OpenAI announced Wednesday that it has closed a $6.6 billion fundraising deal that nearly doubles the company’s valuation from nine months ago. The new round was led by investment firm Thrive Capital, with other investors including Microsoft, Nvidia, SoftBank, and UAE investment firm MGX also contributing funds to OpenAI. The company is also dealing with a few departures.

New Investments

The company launched ChatGPT in 2022, kicking off the AI revolution, and this has triggered a race to invest in startups developing similar technologies. This latest investment is an indication that interest in AI is still popular despite security and efficiency concerns. This could be promising for other AI startups (although there are tons of new and old AI startups in the market). While investors are pouring billions of dollars into AI projects for big tech companies, investments in small companies have decreased significantly this year (which is usually due to the fact that these small projects do not have that much promise or the demand for popular investments). However, the fact that OpenAI is the most popular AI on the market has given the company a big plus and has skyrocketed revenues. For example, OpenAI expects to earn $3.7 billion this year and has 1,700 employees.

But OpenAI is losing billions of dollars due to the high costs of developing AI technologies like ChatGPT. The company is projecting a $5 billion loss due to operating its services and other expenses. Microsoft even signed a 20-year energy deal with Three Mile Island (TMI) just to meet its AI energy needs.

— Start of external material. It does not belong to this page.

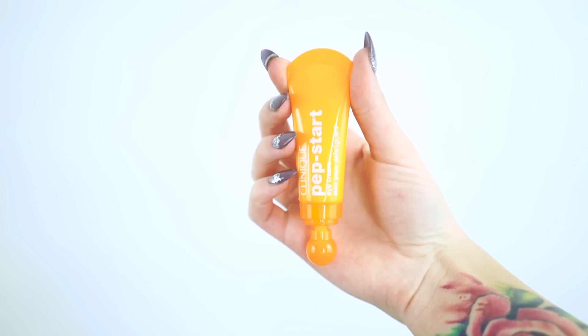To start off the look, I'm going to be using the Clinique Pep Start, which is just an eye cream. It will help brighten and hydrate my eyes so I don't get the really gross, flaky eye stuff. I'm just dabbing that on and below my eye, working that in, being very gentle, and taking that above.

In addition, Thrive Capital invested $1.3 billion in OpenAI, $750 million of which came from its own fund and $550 million from other investors. Unlike other investors, Thrive Capital has the option to invest another $1 billion by 2025 at the same $157 billion valuation. In the past, Sam Altman stated that OpenAI's value had exceeded $150 billion and asked investors not to invest in its competitors.

Separations

The new funding comes as the startup, valued at $80 billion nine months ago, struggles with growth pains. The unexpected ouster of CEO Sam Altman in 2023 marks the beginning of a difficult process. Altman returned five days later, but the company has already lost high-profile employees. CTO Mira Murati, chief research officer Bob McGrew and vice president of research Barret Zoph are also leaving the company.

On October 4, when our article was published, Durk Kingma, one of the founders of OpenAI , joined rival Anthropic. Kingma played key roles in the development of DALL-E and ChatGPT, and when joining Anthropic, he said, "Anthropic's approach to AI development aligns significantly with my beliefs."

Summary

OpenAI was founded as a nonprofit in 2015, but after Elon Musk left and stopped funding, Sam Altman transitioned the company to a limited for-profit system. This system offers investors the opportunity to make a profit, but the profits remain limited, and the company’s original board of directors was not accountable to investors. And furthermore, OpenAI is expected to transition to a for-profit company in the coming years, or else the new funding will cost them and come back as debt.